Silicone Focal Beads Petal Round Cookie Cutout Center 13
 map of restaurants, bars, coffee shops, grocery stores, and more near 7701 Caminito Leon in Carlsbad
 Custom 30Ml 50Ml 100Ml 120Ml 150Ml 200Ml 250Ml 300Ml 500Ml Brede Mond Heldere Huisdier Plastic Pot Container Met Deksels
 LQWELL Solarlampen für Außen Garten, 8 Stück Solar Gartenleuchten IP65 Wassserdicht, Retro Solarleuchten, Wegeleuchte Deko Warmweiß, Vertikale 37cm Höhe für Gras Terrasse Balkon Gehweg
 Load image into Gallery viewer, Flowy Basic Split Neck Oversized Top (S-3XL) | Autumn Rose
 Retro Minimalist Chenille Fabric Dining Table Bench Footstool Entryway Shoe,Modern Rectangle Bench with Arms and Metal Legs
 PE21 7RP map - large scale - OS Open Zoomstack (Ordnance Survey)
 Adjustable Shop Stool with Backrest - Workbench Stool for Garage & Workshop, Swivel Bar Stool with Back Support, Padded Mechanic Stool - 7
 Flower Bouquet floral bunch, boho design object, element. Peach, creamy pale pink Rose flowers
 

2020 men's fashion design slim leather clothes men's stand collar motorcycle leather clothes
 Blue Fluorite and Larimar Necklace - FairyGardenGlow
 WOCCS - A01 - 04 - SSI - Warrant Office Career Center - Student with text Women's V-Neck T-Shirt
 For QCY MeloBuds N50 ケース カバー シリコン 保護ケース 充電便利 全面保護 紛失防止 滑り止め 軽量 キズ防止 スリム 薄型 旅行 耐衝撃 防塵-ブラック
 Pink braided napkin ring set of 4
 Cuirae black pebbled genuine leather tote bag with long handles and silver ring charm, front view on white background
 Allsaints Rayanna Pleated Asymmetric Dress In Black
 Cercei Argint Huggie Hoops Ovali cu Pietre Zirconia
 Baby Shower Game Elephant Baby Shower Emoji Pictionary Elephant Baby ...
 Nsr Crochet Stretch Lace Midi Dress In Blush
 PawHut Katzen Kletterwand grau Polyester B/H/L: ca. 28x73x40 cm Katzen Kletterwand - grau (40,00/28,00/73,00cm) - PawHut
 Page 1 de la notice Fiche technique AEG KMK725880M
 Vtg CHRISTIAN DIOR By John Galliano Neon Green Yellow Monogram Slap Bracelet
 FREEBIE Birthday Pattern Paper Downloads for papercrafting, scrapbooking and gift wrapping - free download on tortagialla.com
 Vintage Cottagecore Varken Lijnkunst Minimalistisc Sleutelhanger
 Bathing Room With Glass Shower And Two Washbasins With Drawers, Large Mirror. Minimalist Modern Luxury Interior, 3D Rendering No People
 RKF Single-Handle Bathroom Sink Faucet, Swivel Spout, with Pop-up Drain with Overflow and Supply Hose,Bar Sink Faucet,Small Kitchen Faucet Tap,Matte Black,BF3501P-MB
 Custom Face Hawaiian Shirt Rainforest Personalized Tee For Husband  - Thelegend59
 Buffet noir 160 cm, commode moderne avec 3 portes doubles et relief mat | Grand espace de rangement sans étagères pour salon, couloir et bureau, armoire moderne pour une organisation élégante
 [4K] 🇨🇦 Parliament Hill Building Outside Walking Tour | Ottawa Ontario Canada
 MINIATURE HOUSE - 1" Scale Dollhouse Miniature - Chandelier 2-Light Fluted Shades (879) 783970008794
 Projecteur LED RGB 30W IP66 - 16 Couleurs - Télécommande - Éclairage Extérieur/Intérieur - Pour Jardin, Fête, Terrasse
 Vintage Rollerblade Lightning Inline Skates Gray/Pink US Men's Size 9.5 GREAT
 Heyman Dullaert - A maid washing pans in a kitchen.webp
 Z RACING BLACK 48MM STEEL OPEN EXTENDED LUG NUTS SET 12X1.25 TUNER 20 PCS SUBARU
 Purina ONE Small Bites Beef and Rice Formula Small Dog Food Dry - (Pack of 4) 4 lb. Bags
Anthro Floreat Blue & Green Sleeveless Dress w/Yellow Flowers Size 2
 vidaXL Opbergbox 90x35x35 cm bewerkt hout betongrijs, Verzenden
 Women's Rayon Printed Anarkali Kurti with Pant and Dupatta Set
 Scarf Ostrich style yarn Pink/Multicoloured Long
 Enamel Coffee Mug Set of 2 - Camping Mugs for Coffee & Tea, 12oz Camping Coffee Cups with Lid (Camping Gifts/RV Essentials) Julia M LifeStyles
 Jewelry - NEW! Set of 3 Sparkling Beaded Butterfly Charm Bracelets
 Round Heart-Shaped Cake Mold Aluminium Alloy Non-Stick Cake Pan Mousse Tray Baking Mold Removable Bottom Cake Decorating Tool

* * * * *

§ EXERCISE OBJECTIVE:
Tally up the lines holding the word "leather" in the data above, and answer with that figure only.

§ ANSWER SPACE:
2